§ Records provided:

--- --- ---

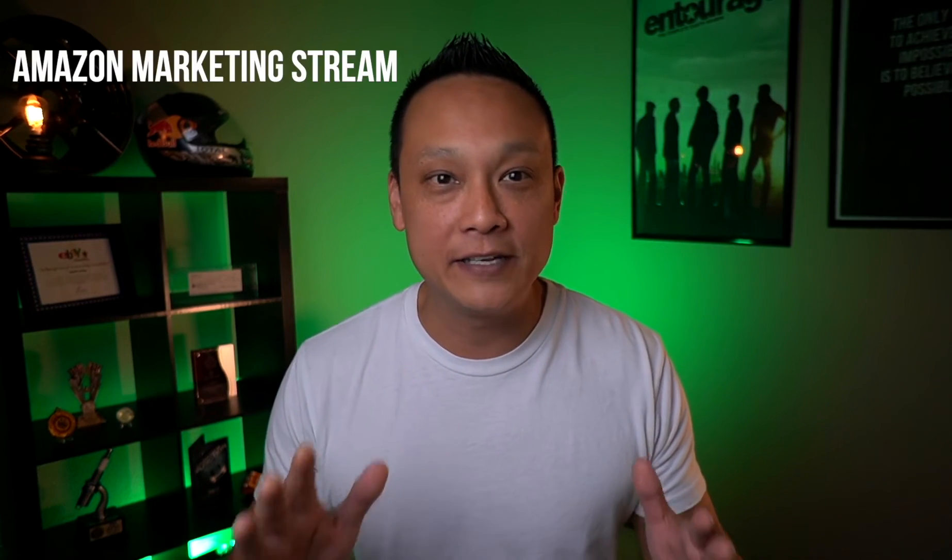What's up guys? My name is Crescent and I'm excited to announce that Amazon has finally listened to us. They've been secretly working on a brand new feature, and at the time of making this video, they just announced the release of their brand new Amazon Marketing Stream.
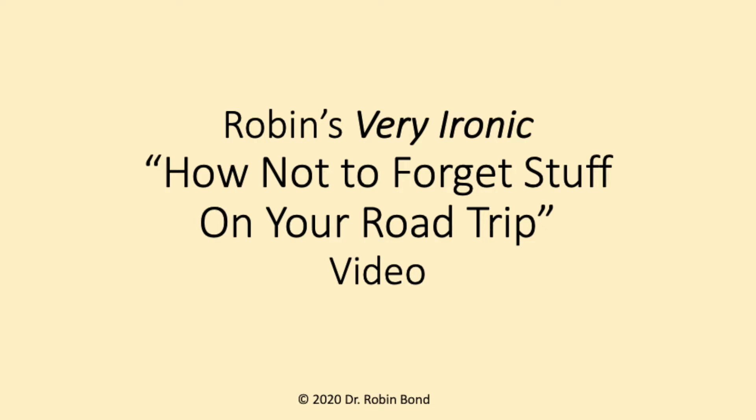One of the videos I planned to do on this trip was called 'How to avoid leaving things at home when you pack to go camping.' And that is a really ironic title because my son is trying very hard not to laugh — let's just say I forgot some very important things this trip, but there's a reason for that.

--- --- ---

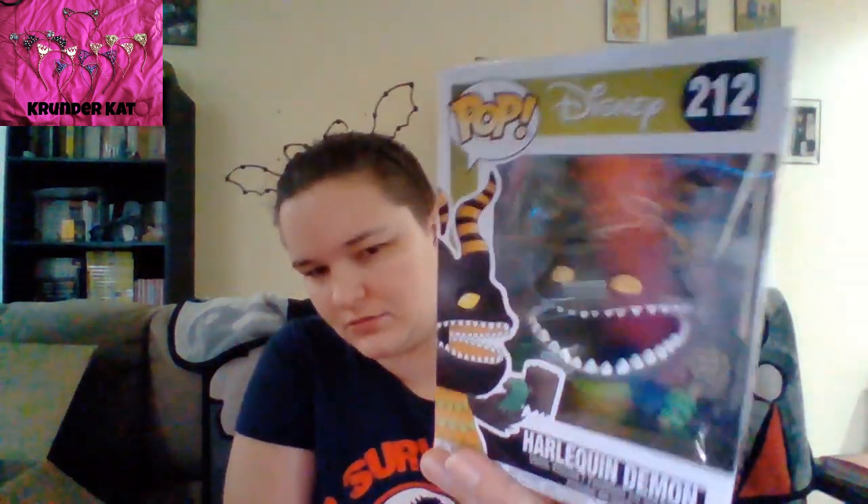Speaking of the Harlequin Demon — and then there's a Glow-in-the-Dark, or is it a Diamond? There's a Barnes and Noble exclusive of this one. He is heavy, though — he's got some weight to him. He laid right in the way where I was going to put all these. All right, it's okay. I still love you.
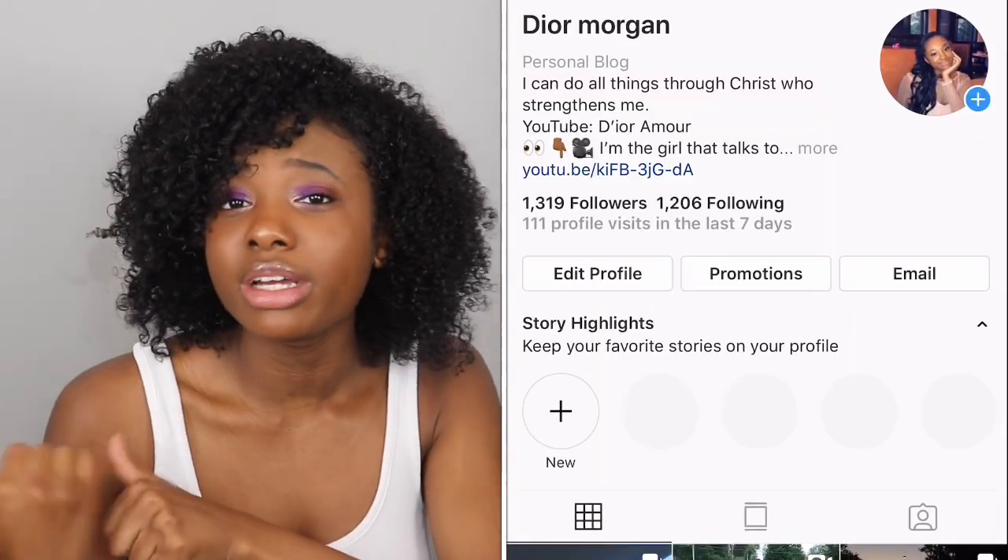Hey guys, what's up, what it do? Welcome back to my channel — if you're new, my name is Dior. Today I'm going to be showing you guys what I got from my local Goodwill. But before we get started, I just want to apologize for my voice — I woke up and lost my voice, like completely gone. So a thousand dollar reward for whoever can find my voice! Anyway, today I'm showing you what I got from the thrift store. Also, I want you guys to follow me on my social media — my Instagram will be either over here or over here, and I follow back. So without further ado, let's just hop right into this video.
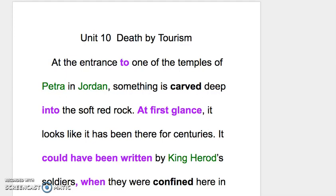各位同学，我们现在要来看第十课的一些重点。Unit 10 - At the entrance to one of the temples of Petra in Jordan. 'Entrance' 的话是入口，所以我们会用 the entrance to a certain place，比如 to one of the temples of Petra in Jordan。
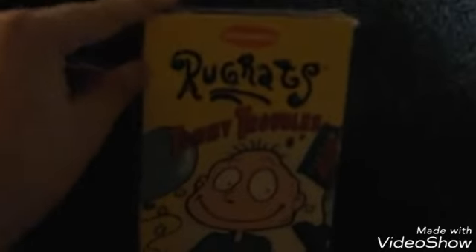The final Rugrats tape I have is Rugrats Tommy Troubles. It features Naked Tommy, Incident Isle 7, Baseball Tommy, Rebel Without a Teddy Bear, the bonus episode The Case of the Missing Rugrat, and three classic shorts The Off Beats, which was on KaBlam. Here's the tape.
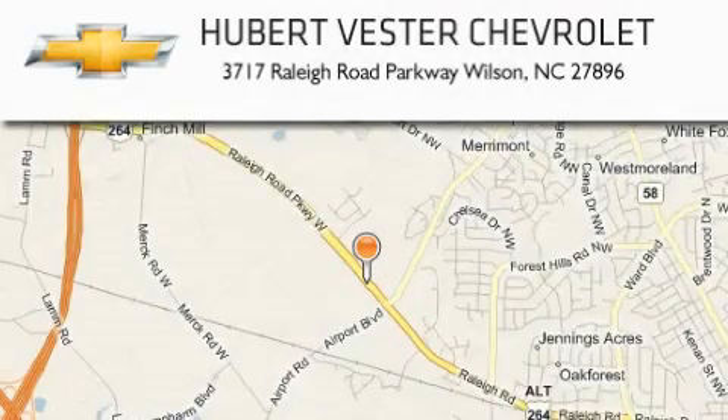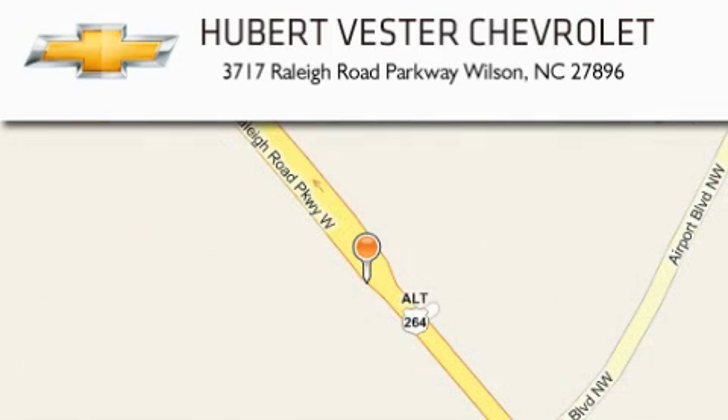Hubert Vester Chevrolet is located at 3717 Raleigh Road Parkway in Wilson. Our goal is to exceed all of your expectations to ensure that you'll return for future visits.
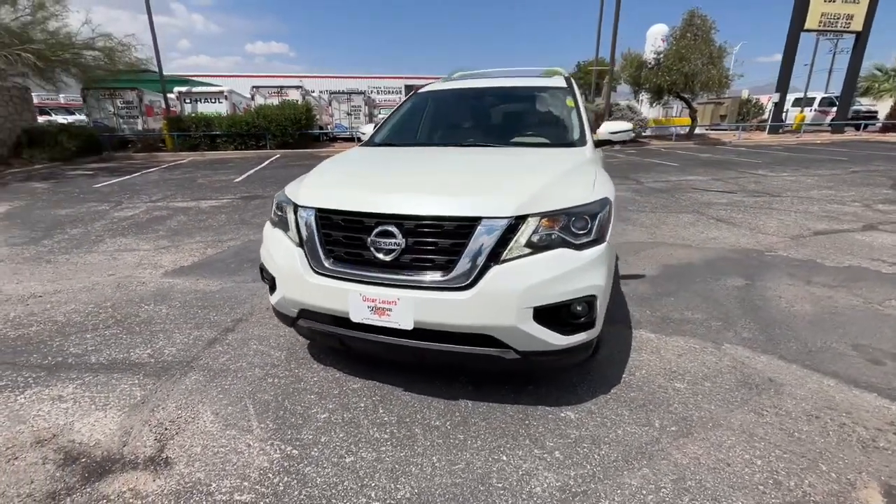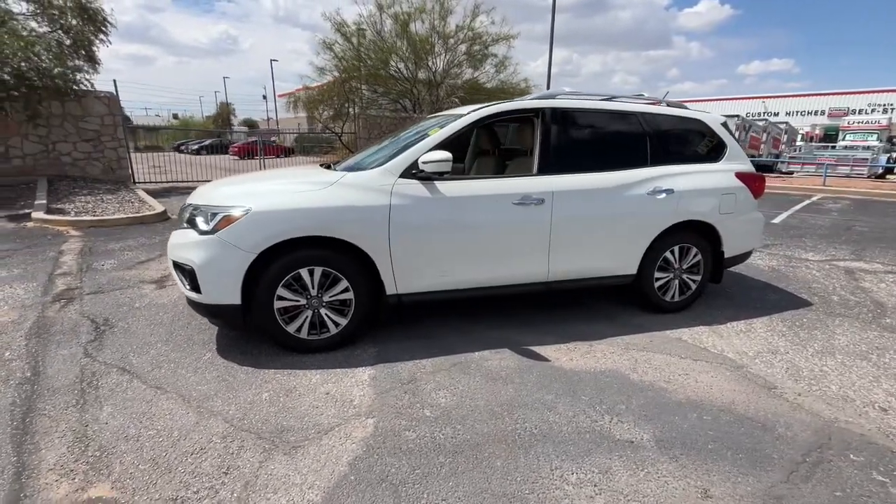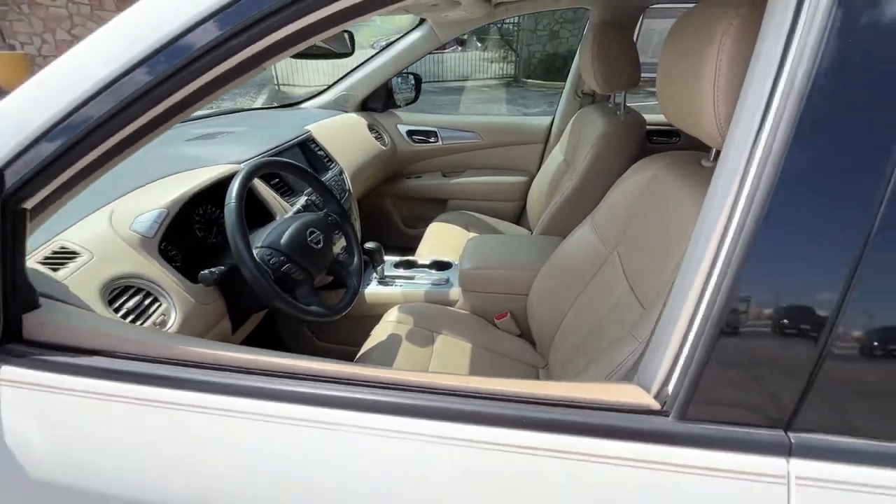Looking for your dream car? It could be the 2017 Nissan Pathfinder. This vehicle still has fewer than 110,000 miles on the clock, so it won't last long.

--- --- ---

§ What the task requires:
From the records above, copy exactly the stretch from the line holding "What's up guys?" through the line holding "One of the videos", both ends included, without the pictures.

§ Completed task:
What's up guys? My name is Crescent and I'm excited to announce that Amazon has finally listened to us. They've been secretly working on a brand new feature, and at the time of making this video, they just announced the release of their brand new Amazon Marketing Stream.
One of the videos I planned to do on this trip was called 'How to avoid leaving things at home when you pack to go camping.' And that is a really ironic title because my son is trying very hard not to laugh — let's just say I forgot some very important things this trip, but there's a reason for that.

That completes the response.